### How to complete this task:
In the material below, find the line that contains "More Photos Of 3040" and the line that contains "WEST RYDE - EARTH BALL EVENT", then write out exactly those two lines and everything between them.
*** Opening of Supplied data ***
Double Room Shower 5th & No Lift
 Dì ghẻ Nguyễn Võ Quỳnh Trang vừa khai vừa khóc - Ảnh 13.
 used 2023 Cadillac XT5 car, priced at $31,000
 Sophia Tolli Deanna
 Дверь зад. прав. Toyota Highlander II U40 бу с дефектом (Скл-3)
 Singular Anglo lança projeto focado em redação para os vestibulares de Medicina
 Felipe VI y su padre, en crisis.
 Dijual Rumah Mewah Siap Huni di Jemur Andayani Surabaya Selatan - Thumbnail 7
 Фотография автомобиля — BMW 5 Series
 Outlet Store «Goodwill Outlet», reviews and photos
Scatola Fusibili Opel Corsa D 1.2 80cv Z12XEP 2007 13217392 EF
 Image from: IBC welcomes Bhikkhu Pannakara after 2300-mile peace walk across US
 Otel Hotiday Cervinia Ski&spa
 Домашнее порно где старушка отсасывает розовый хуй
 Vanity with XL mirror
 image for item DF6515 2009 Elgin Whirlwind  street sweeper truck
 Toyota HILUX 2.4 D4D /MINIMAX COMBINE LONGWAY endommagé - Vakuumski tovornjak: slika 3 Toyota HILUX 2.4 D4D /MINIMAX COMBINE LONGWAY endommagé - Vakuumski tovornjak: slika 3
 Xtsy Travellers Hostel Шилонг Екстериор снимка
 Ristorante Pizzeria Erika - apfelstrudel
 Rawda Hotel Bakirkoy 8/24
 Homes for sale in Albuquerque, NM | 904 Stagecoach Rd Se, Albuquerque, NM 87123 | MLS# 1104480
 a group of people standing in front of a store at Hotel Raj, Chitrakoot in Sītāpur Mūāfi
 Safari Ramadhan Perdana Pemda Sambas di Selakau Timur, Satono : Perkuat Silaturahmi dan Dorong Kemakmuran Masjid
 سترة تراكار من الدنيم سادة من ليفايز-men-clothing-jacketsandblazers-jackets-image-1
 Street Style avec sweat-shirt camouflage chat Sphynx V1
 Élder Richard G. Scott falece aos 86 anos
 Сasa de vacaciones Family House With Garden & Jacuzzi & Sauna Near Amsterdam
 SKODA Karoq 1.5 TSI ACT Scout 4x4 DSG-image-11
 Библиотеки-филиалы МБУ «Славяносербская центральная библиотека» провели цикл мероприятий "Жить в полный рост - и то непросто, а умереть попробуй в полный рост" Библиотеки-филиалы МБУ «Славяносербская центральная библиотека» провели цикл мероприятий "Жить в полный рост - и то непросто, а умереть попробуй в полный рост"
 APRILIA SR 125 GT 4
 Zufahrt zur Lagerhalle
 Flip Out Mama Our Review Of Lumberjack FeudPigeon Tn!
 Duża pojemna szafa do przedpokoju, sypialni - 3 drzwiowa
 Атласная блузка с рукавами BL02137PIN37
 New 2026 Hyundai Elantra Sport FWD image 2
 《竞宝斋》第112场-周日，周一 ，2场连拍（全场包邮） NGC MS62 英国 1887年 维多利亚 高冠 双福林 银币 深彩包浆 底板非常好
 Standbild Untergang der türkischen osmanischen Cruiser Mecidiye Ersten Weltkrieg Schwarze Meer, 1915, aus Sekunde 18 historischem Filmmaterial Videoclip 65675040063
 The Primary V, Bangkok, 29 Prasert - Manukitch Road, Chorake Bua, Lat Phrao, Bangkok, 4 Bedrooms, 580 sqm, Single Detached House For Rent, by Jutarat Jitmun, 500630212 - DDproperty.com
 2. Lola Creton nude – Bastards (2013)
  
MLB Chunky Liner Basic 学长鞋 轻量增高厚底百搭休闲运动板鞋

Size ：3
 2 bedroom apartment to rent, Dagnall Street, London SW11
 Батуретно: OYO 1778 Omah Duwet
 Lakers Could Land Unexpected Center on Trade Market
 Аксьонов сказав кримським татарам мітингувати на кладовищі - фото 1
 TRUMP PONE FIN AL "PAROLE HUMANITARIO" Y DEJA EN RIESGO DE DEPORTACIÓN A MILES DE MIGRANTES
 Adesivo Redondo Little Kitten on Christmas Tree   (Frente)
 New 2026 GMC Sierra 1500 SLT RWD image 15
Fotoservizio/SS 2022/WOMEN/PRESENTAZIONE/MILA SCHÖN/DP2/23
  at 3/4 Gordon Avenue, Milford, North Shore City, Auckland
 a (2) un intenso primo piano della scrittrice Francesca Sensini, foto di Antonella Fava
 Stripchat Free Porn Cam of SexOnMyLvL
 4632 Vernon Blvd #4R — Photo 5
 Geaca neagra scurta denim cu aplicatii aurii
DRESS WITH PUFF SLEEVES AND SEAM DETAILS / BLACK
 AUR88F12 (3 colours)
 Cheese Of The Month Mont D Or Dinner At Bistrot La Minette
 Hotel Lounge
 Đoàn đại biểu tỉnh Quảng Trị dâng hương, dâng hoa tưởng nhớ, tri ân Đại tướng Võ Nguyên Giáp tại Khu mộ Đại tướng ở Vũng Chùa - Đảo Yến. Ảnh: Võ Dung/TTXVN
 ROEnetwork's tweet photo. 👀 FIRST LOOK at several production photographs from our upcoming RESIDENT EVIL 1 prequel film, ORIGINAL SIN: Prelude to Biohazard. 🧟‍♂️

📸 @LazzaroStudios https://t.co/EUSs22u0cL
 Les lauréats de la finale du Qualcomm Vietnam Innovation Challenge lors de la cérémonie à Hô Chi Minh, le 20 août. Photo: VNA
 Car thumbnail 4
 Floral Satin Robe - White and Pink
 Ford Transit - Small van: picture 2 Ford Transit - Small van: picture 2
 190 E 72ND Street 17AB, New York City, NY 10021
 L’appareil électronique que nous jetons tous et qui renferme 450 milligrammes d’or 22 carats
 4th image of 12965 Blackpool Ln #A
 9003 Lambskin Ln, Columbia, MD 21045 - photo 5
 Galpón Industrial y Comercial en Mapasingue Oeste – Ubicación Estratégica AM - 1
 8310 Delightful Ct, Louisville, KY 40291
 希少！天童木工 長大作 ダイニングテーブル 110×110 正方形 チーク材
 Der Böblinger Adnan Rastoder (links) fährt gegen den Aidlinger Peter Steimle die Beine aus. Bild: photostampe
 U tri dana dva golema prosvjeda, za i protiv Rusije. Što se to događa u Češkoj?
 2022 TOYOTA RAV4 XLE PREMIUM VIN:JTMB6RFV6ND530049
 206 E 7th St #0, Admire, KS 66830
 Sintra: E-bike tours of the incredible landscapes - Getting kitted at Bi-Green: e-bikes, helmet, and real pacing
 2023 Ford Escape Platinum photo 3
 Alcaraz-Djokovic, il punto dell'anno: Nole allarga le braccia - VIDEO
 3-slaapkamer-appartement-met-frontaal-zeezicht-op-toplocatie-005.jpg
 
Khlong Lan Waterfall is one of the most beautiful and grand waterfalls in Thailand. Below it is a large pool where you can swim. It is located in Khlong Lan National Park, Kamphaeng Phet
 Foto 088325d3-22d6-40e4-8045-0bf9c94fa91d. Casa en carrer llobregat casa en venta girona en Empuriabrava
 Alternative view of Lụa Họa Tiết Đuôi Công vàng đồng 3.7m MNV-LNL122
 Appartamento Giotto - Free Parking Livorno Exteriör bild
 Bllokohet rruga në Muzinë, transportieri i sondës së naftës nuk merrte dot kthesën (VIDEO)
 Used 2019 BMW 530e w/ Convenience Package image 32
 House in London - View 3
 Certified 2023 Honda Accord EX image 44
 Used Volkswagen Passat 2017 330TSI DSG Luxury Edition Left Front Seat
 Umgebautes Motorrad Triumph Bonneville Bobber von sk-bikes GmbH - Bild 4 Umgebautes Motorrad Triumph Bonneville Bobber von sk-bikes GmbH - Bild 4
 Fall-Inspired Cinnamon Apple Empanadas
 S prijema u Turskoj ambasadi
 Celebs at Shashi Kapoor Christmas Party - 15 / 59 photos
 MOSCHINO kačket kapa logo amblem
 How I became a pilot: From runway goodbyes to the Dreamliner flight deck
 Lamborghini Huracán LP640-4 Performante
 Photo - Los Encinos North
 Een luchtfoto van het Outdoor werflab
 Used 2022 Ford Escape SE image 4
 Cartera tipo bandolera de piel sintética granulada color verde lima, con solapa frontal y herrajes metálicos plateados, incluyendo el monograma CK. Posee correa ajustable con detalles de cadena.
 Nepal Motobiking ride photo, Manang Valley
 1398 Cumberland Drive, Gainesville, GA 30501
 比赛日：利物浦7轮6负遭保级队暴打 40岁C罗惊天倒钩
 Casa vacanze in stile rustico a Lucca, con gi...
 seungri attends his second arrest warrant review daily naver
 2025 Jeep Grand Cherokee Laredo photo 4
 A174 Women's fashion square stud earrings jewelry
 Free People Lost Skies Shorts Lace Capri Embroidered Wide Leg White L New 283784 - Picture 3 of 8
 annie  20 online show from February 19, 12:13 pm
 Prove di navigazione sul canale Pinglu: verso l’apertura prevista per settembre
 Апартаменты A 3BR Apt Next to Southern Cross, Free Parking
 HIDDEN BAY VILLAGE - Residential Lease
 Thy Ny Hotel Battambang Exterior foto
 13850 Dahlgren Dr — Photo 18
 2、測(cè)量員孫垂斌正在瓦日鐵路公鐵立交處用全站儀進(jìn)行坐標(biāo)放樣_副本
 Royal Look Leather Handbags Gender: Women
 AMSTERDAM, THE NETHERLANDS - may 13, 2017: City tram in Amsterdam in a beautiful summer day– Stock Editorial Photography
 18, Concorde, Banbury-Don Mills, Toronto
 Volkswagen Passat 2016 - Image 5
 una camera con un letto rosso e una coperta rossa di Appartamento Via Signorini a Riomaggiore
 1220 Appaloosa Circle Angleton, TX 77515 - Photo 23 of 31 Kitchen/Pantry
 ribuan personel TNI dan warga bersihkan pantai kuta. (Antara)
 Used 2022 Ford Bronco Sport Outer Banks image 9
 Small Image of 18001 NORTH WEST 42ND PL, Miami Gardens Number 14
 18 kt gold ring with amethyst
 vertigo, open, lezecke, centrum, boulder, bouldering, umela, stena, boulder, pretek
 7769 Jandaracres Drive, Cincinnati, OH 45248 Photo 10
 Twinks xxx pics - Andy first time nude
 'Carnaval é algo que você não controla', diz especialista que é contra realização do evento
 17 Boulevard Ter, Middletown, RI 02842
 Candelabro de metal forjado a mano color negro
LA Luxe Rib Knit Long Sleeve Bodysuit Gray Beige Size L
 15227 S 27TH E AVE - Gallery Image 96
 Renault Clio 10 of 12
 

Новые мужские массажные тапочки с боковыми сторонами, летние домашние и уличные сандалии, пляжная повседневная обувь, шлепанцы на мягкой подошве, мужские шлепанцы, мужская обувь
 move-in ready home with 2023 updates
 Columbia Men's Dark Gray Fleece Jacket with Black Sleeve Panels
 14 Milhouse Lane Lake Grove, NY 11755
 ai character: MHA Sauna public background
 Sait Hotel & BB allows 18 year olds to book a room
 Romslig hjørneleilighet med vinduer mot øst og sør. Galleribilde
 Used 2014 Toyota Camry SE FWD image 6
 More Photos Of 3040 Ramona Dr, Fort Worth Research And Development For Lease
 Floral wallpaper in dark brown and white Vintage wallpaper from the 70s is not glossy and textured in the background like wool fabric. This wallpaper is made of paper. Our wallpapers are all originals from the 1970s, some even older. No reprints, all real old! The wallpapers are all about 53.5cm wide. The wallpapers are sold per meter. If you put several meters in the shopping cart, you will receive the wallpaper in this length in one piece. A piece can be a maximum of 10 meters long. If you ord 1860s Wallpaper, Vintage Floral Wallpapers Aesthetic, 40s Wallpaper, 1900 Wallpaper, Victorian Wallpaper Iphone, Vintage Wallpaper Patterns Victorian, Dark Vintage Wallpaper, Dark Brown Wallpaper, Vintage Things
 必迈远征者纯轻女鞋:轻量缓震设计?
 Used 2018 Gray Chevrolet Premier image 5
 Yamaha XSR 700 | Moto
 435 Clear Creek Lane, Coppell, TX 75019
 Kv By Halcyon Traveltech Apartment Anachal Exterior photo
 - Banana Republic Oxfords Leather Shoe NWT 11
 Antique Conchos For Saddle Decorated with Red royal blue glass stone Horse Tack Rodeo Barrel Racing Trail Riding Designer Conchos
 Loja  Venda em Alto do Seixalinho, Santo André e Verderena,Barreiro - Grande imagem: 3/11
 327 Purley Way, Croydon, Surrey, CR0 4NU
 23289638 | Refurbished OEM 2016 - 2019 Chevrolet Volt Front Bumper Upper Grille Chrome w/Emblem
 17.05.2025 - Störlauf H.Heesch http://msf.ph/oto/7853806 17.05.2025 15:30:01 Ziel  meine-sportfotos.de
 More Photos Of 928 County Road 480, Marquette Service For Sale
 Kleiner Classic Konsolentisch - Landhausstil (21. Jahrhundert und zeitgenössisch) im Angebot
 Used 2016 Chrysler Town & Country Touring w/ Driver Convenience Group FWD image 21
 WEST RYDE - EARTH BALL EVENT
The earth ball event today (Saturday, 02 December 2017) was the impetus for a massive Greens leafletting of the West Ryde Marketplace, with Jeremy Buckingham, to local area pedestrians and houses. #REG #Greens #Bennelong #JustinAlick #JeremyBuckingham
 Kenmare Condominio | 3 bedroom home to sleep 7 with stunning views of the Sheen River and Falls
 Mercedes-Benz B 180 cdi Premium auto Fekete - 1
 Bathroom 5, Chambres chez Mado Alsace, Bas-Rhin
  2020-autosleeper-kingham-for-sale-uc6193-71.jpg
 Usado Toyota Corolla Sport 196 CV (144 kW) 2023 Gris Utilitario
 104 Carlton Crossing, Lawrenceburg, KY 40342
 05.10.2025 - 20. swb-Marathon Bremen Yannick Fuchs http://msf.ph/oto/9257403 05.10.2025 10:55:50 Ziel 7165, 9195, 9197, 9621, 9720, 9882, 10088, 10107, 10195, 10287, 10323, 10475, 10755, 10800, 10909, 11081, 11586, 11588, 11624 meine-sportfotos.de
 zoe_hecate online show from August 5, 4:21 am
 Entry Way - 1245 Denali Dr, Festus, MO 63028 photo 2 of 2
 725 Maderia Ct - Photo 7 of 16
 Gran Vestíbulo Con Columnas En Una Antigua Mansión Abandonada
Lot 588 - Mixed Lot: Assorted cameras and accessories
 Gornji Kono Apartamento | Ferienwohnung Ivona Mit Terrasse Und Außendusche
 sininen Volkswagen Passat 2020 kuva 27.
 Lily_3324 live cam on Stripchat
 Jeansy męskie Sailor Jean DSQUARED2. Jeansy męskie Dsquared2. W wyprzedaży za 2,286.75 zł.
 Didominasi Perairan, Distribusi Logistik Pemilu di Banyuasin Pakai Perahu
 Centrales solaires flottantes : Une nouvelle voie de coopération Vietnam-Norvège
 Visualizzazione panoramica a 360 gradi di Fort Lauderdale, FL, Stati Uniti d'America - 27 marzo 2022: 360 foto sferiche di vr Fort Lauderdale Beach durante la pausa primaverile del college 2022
*** Close of Supplied data ***
### Reply:
 More Photos Of 3040 Ramona Dr, Fort Worth Research And Development For Lease
 Floral wallpaper in dark brown and white Vintage wallpaper from the 70s is not glossy and textured in the background like wool fabric. This wallpaper is made of paper. Our wallpapers are all originals from the 1970s, some even older. No reprints, all real old! The wallpapers are all about 53.5cm wide. The wallpapers are sold per meter. If you put several meters in the shopping cart, you will receive the wallpaper in this length in one piece. A piece can be a maximum of 10 meters long. If you ord 1860s Wallpaper, Vintage Floral Wallpapers Aesthetic, 40s Wallpaper, 1900 Wallpaper, Victorian Wallpaper Iphone, Vintage Wallpaper Patterns Victorian, Dark Vintage Wallpaper, Dark Brown Wallpaper, Vintage Things
 必迈远征者纯轻女鞋:轻量缓震设计?
 Used 2018 Gray Chevrolet Premier image 5
 Yamaha XSR 700 | Moto
 435 Clear Creek Lane, Coppell, TX 75019
 Kv By Halcyon Traveltech Apartment Anachal Exterior photo
 - Banana Republic Oxfords Leather Shoe NWT 11
 Antique Conchos For Saddle Decorated with Red royal blue glass stone Horse Tack Rodeo Barrel Racing Trail Riding Designer Conchos
 Loja  Venda em Alto do Seixalinho, Santo André e Verderena,Barreiro - Grande imagem: 3/11
 327 Purley Way, Croydon, Surrey, CR0 4NU
 23289638 | Refurbished OEM 2016 - 2019 Chevrolet Volt Front Bumper Upper Grille Chrome w/Emblem
 17.05.2025 - Störlauf H.Heesch http://msf.ph/oto/7853806 17.05.2025 15:30:01 Ziel  meine-sportfotos.de
 More Photos Of 928 County Road 480, Marquette Service For Sale
 Kleiner Classic Konsolentisch - Landhausstil (21. Jahrhundert und zeitgenössisch) im Angebot
 Used 2016 Chrysler Town & Country Touring w/ Driver Convenience Group FWD image 21
 WEST RYDE - EARTH BALL EVENT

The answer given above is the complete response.